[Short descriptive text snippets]
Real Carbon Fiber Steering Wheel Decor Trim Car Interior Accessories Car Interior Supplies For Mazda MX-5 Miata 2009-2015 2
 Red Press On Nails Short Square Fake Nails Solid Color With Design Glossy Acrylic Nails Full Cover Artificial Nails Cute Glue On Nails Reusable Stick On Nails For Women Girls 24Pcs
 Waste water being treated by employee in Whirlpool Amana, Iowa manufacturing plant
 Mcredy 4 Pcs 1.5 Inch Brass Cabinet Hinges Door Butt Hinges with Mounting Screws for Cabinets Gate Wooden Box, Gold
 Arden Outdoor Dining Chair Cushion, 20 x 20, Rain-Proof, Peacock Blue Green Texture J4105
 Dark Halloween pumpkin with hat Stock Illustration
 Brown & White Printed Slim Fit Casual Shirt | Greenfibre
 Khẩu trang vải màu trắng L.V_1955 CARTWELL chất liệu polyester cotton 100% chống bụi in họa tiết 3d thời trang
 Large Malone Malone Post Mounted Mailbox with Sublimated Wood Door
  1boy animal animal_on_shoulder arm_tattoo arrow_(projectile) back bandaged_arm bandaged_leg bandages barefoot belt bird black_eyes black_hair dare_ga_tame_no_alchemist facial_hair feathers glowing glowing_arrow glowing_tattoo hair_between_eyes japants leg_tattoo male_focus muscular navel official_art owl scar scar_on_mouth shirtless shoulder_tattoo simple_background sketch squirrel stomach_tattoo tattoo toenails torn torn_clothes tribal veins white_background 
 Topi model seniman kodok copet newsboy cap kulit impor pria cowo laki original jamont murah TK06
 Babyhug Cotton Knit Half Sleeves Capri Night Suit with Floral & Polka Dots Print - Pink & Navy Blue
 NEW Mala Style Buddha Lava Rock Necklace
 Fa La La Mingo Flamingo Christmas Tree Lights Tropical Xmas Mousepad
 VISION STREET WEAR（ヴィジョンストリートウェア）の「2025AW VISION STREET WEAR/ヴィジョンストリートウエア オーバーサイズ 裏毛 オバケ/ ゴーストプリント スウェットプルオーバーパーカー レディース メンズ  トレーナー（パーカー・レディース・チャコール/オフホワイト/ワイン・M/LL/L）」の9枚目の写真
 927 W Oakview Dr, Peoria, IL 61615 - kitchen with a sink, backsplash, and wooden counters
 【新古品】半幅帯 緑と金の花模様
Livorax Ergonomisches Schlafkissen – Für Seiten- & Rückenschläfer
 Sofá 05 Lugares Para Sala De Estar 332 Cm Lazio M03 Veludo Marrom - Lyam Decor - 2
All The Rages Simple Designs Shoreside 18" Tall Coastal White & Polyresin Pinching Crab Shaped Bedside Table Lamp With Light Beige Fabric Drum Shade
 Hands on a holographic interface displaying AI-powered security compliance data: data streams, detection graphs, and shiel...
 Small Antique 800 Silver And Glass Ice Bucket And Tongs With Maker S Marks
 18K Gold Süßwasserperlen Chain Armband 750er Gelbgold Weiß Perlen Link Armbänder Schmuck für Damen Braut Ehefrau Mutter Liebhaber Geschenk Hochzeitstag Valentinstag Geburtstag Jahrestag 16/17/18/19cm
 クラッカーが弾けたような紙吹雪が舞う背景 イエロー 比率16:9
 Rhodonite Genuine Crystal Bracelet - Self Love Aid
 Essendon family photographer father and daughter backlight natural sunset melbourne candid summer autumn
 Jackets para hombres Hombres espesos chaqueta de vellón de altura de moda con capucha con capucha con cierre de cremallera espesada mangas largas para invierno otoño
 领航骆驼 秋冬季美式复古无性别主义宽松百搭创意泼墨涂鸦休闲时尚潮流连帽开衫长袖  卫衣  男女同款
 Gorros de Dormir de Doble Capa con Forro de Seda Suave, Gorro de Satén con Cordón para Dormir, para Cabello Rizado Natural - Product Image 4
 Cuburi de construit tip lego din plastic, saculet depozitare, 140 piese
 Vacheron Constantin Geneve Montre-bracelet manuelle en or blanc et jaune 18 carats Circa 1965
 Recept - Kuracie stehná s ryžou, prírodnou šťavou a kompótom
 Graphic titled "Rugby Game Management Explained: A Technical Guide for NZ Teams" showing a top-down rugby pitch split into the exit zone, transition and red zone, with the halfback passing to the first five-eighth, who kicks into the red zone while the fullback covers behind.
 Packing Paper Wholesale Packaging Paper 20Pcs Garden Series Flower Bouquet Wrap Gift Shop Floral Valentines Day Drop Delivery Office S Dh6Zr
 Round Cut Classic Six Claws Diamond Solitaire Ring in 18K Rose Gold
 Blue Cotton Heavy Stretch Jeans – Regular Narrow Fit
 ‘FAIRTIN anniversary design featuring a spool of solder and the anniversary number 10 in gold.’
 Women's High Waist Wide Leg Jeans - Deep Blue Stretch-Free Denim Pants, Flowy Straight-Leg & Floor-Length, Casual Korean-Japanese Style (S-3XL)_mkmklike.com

WORK ORDER: Transcribe the entries above so that nothing in them differs from the original.

TASK SOLUTION:
Real Carbon Fiber Steering Wheel Decor Trim Car Interior Accessories Car Interior Supplies For Mazda MX-5 Miata 2009-2015 2
 Red Press On Nails Short Square Fake Nails Solid Color With Design Glossy Acrylic Nails Full Cover Artificial Nails Cute Glue On Nails Reusable Stick On Nails For Women Girls 24Pcs
 Waste water being treated by employee in Whirlpool Amana, Iowa manufacturing plant
 Mcredy 4 Pcs 1.5 Inch Brass Cabinet Hinges Door Butt Hinges with Mounting Screws for Cabinets Gate Wooden Box, Gold
 Arden Outdoor Dining Chair Cushion, 20 x 20, Rain-Proof, Peacock Blue Green Texture J4105
 Dark Halloween pumpkin with hat Stock Illustration
 Brown & White Printed Slim Fit Casual Shirt | Greenfibre
 Khẩu trang vải màu trắng L.V_1955 CARTWELL chất liệu polyester cotton 100% chống bụi in họa tiết 3d thời trang
 Large Malone Malone Post Mounted Mailbox with Sublimated Wood Door
  1boy animal animal_on_shoulder arm_tattoo arrow_(projectile) back bandaged_arm bandaged_leg bandages barefoot belt bird black_eyes black_hair dare_ga_tame_no_alchemist facial_hair feathers glowing glowing_arrow glowing_tattoo hair_between_eyes japants leg_tattoo male_focus muscular navel official_art owl scar scar_on_mouth shirtless shoulder_tattoo simple_background sketch squirrel stomach_tattoo tattoo toenails torn torn_clothes tribal veins white_background 
 Topi model seniman kodok copet newsboy cap kulit impor pria cowo laki original jamont murah TK06
 Babyhug Cotton Knit Half Sleeves Capri Night Suit with Floral & Polka Dots Print - Pink & Navy Blue
 NEW Mala Style Buddha Lava Rock Necklace
 Fa La La Mingo Flamingo Christmas Tree Lights Tropical Xmas Mousepad
 VISION STREET WEAR（ヴィジョンストリートウェア）の「2025AW VISION STREET WEAR/ヴィジョンストリートウエア オーバーサイズ 裏毛 オバケ/ ゴーストプリント スウェットプルオーバーパーカー レディース メンズ  トレーナー（パーカー・レディース・チャコール/オフホワイト/ワイン・M/LL/L）」の9枚目の写真
 927 W Oakview Dr, Peoria, IL 61615 - kitchen with a sink, backsplash, and wooden counters
 【新古品】半幅帯 緑と金の花模様
Livorax Ergonomisches Schlafkissen – Für Seiten- & Rückenschläfer
 Sofá 05 Lugares Para Sala De Estar 332 Cm Lazio M03 Veludo Marrom - Lyam Decor - 2
All The Rages Simple Designs Shoreside 18" Tall Coastal White & Polyresin Pinching Crab Shaped Bedside Table Lamp With Light Beige Fabric Drum Shade
 Hands on a holographic interface displaying AI-powered security compliance data: data streams, detection graphs, and shiel...
 Small Antique 800 Silver And Glass Ice Bucket And Tongs With Maker S Marks
 18K Gold Süßwasserperlen Chain Armband 750er Gelbgold Weiß Perlen Link Armbänder Schmuck für Damen Braut Ehefrau Mutter Liebhaber Geschenk Hochzeitstag Valentinstag Geburtstag Jahrestag 16/17/18/19cm
 クラッカーが弾けたような紙吹雪が舞う背景 イエロー 比率16:9
 Rhodonite Genuine Crystal Bracelet - Self Love Aid
 Essendon family photographer father and daughter backlight natural sunset melbourne candid summer autumn
 Jackets para hombres Hombres espesos chaqueta de vellón de altura de moda con capucha con capucha con cierre de cremallera espesada mangas largas para invierno otoño
 领航骆驼 秋冬季美式复古无性别主义宽松百搭创意泼墨涂鸦休闲时尚潮流连帽开衫长袖  卫衣  男女同款
 Gorros de Dormir de Doble Capa con Forro de Seda Suave, Gorro de Satén con Cordón para Dormir, para Cabello Rizado Natural - Product Image 4
 Cuburi de construit tip lego din plastic, saculet depozitare, 140 piese
 Vacheron Constantin Geneve Montre-bracelet manuelle en or blanc et jaune 18 carats Circa 1965
 Recept - Kuracie stehná s ryžou, prírodnou šťavou a kompótom
 Graphic titled "Rugby Game Management Explained: A Technical Guide for NZ Teams" showing a top-down rugby pitch split into the exit zone, transition and red zone, with the halfback passing to the first five-eighth, who kicks into the red zone while the fullback covers behind.
 Packing Paper Wholesale Packaging Paper 20Pcs Garden Series Flower Bouquet Wrap Gift Shop Floral Valentines Day Drop Delivery Office S Dh6Zr
 Round Cut Classic Six Claws Diamond Solitaire Ring in 18K Rose Gold
 Blue Cotton Heavy Stretch Jeans – Regular Narrow Fit
 ‘FAIRTIN anniversary design featuring a spool of solder and the anniversary number 10 in gold.’
 Women's High Waist Wide Leg Jeans - Deep Blue Stretch-Free Denim Pants, Flowy Straight-Leg & Floor-Length, Casual Korean-Japanese Style (S-3XL)_mkmklike.com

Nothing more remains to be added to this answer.